A reportagem visitou a unidade do Rent na Rua Vigário José Inácio. Assim como no prédio da Uliving, a casa tem ambientes compartilhados, como lavanderia, cozinha e área de estudos, mas tudo em escala menor. São 30 quartos no total, sendo que metade não tem geladeira ou banheiro próprio. Quem mora nessas unidades divide pia e chuveiro com outros moradores. Nas geladeiras da cozinha compartilhada há marcações para delimitar a prateleira de cada andar do prédio.
— Há regras que precisam ser seguidas, como retirada do lixo e o dia de uso da lavandeira para cada quarto. Temos poucos moradores que não são estudantes. Uma senhora de mais de 70 anos começou a estudar depois que veio morar aqui, inspirada pelos vizinhos. Fez o caminho inverso — diz a CEO do Rent Coliving, que pretende abrir mais uma unidade da rede no bairro Bom Fim.
Aposta do setor
As unidades de colivings em Porto Alegre costumam partir de 16 metros quadrados, similar a de alguns studios, categoria de apartamentos pequenos e com espaços integrados. Este segmento de moradia foi o mais lançado pelas construtoras na Capital nos últimos quatro anos, conforme levantamento do Sindicato das Indústrias da Construção Civil no Estado do Rio Grande do Sul (Sinduscon-RS).

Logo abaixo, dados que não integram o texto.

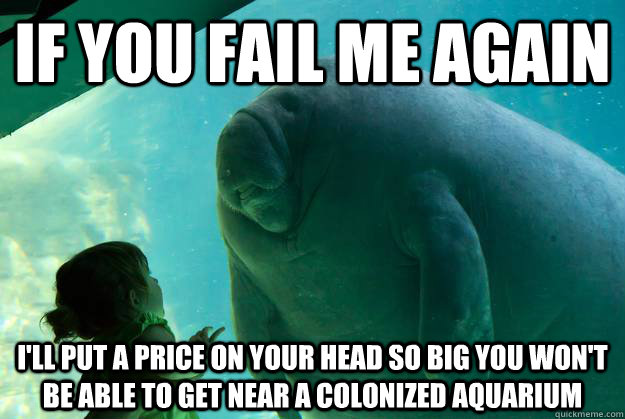 If you fail me again I'll put a price on your head so big you won't be able to get near a colonized aquarium - If you fail me again I'll put a price on your head so big you won't be able to get near a colonized aquarium  Overlord Manatee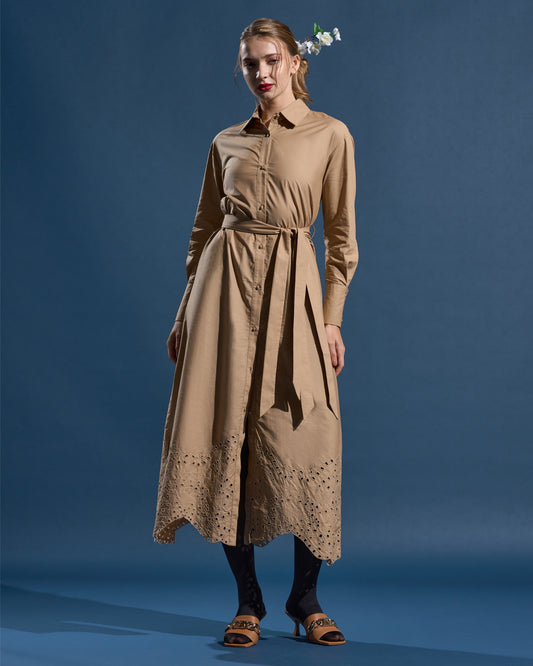 Belted Cotton Shirt Dress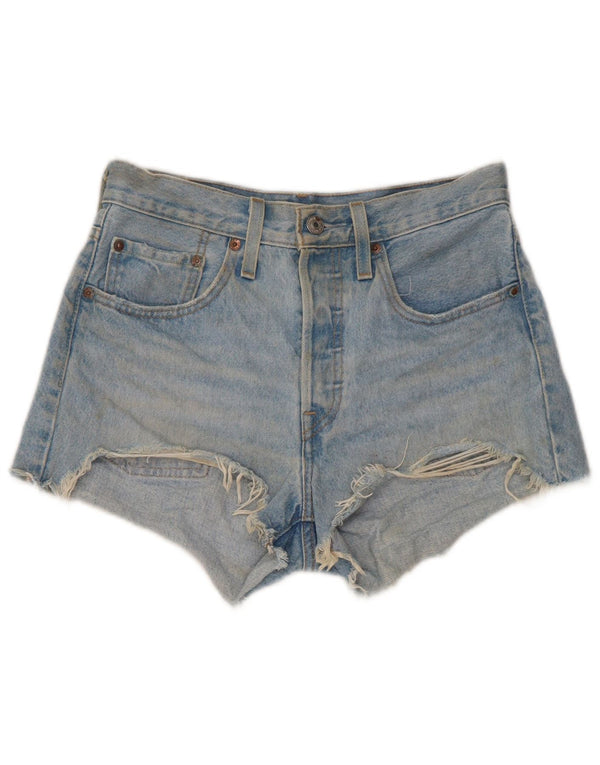 Pantaloncini Levi's da donna 501 in denim invecchiato W26 piccolo cotone blu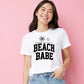 Minimalist Beach Babe Palm Tree Slogan Ladies T-Shirt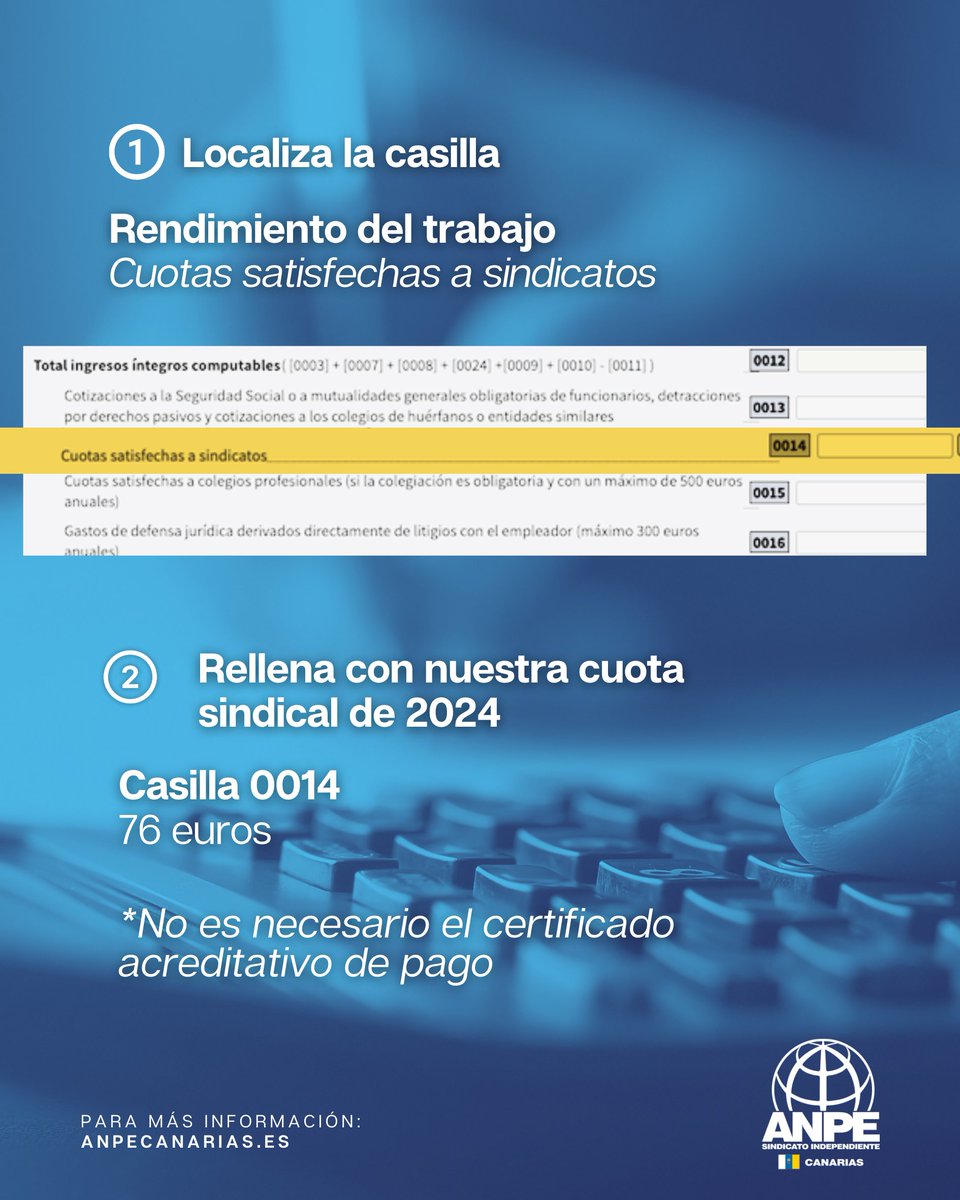 🧾 🧑‍🏫 Arranca la campaña de la #Renta2024

Aquí te contamos cómo puedes desgravar tu cuota sindical.

🔍  Busca en 'Rendimiento del trabajo' la opción 'Cuotas satisfechas a sindicatos', casilla 014, y apunta: 76 euros.

💶  No lo dejes pasar, esta deducción es tu derecho.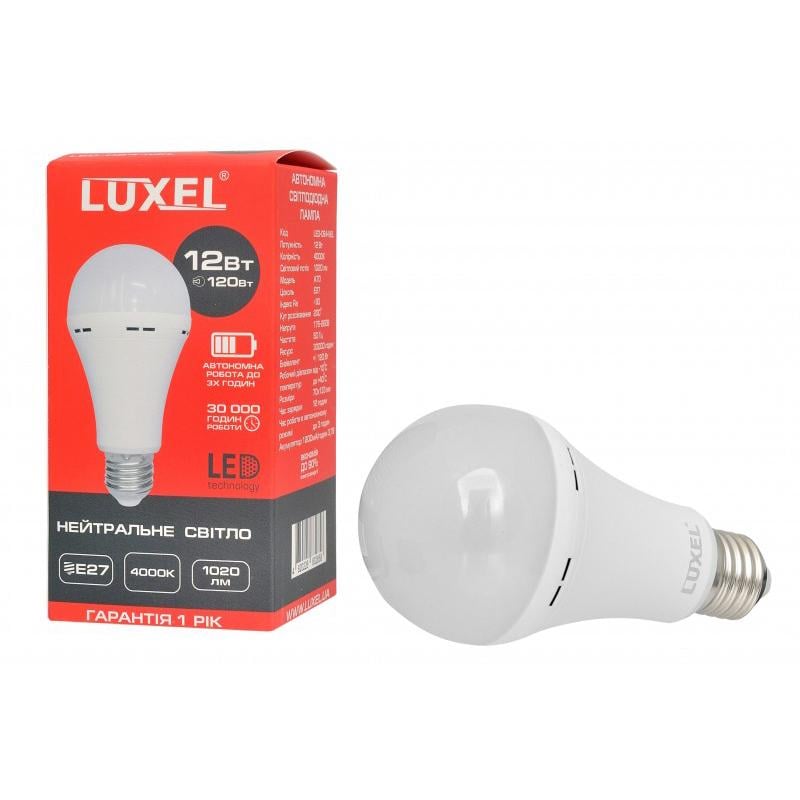 Лампа аккумуляторная Luxel 064-NEL 12W E27 1800мА/ч 4000K 220V LED (22494682)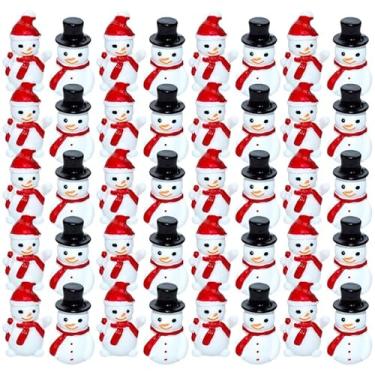 Imagem de BESPORTBLE 40 peças estatuetas de boneco de neve miniatura de resina de Natal mini enfeites de boneco de neve para decoração de férias DIY suprimentos de festa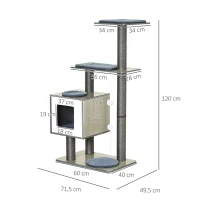 PawHut 120cm Multi-level Cat Tree Kittens Activity Tower with Scratching Posts Pet Play House Furniture, Grey(m-3)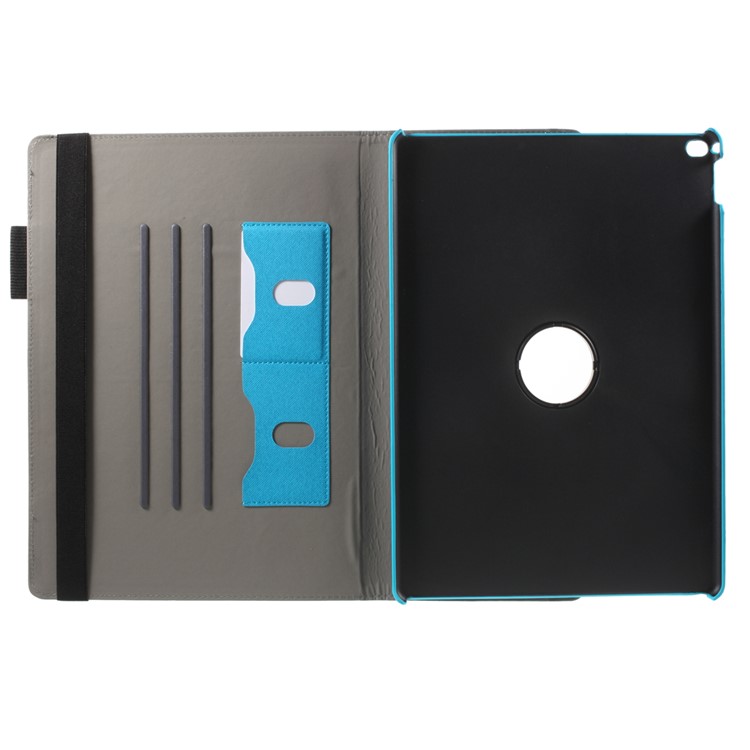 Cloth Skin Smart Leather Protective Case for iPad Pro 12.9 inch with Swivel Stand - Baby Blue-6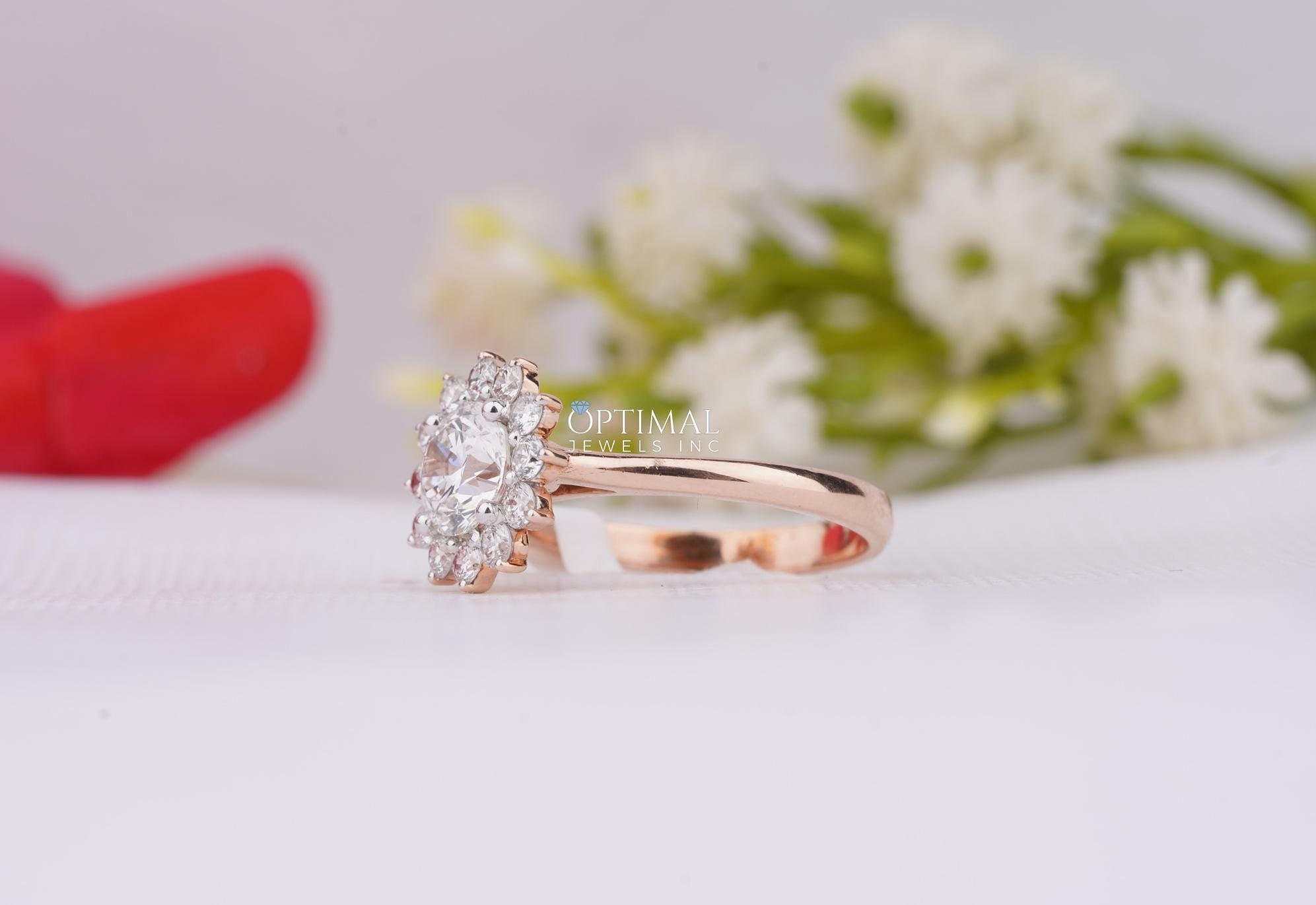 IGI Certified Round Lab Grown Diamond Ring featuring a 1.57 Ctw round halo design in rose gold, showcasing a brilliant center stone and side stones.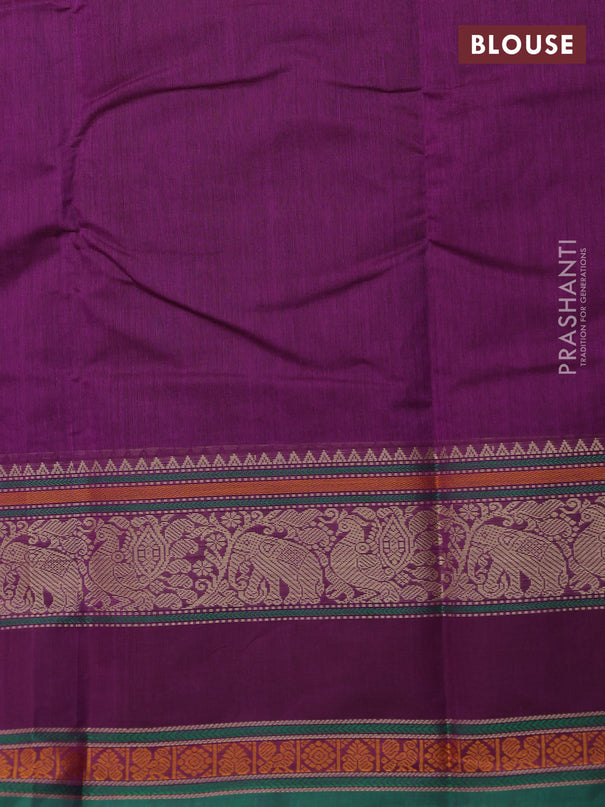 Kanchi cotton saree purple and green with thread woven buttas and rettapet thread woven border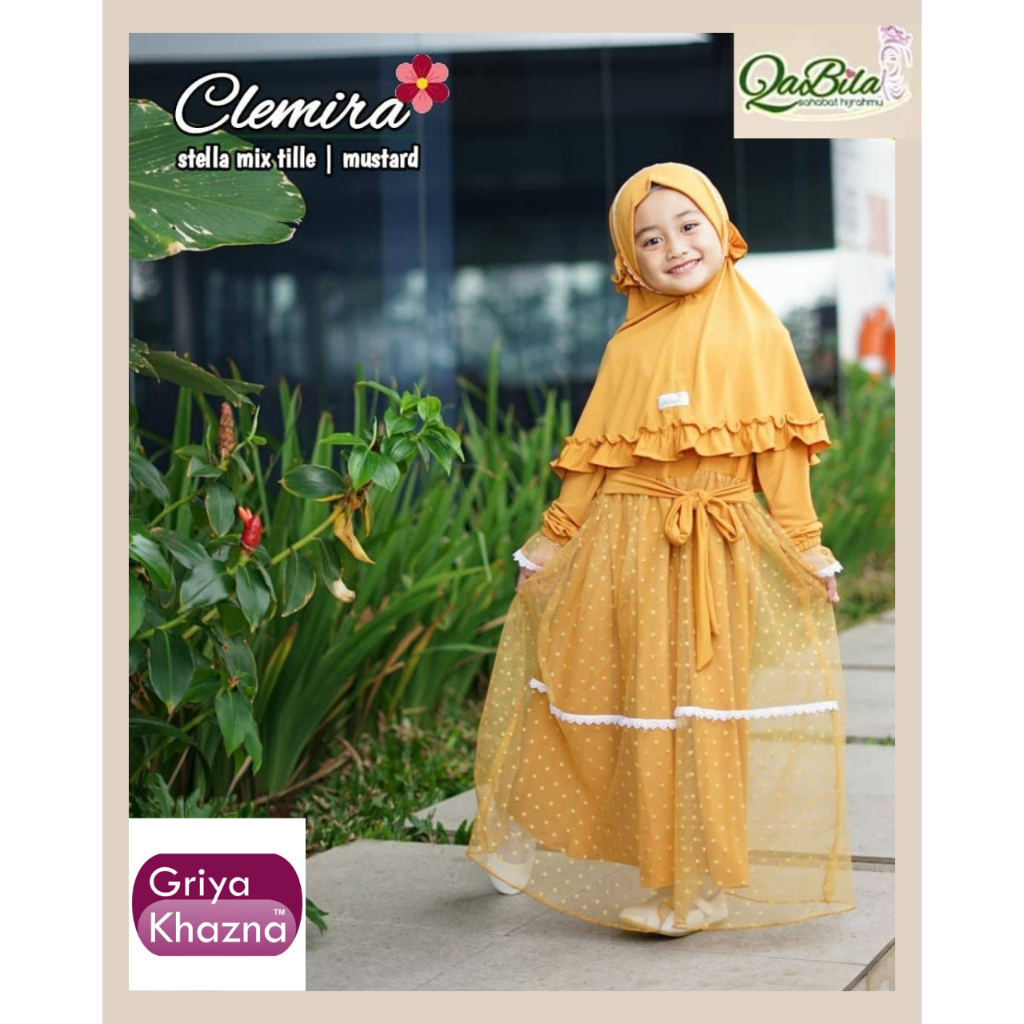 Qabila Baju Gamis Anak Perempuan Set Kerudung Clemira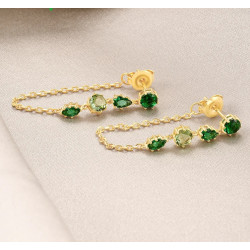 Green zircon Gold plated Silver earrings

Claudio Teitelbaum, presidente do Sinduscon-RS, diz que esta opção de moradia é desejada por investidores, que as compram para alugar a estudantes e jovens profissionais.
— Essa tendência é claramente associada ao comportamento das novas gerações, que buscam soluções habitacionais mais compactas, flexíveis e integradas ao estilo de vida urbano. Em uma cidade como Porto Alegre, a demanda tende a se manter firme, especialmente em áreas centrais e próximas a polos de conhecimento e mobilidade — avalia Teitelbaum.
De acordo com o Censo da Educação Superior 2023, do Ministério da Educação (MEC), cerca de 9,9 milhões de estudantes estavam matriculados em cursos de graduação no Brasil naquele ano. Um levantamento feito por empresas do segmento de colivings diz que 30% desse montante é formado por estudantes que precisam sair de suas casas para estudar, pois foram aprovados em faculdades localizadas em outras cidades ou Estados.
Somado a este fato, o fechamento de residências estudantis no Rio Grande do Sul, bancadas por governo federal, estadual e municipal, fez com que esta lacuna do mercado ficasse ainda maior.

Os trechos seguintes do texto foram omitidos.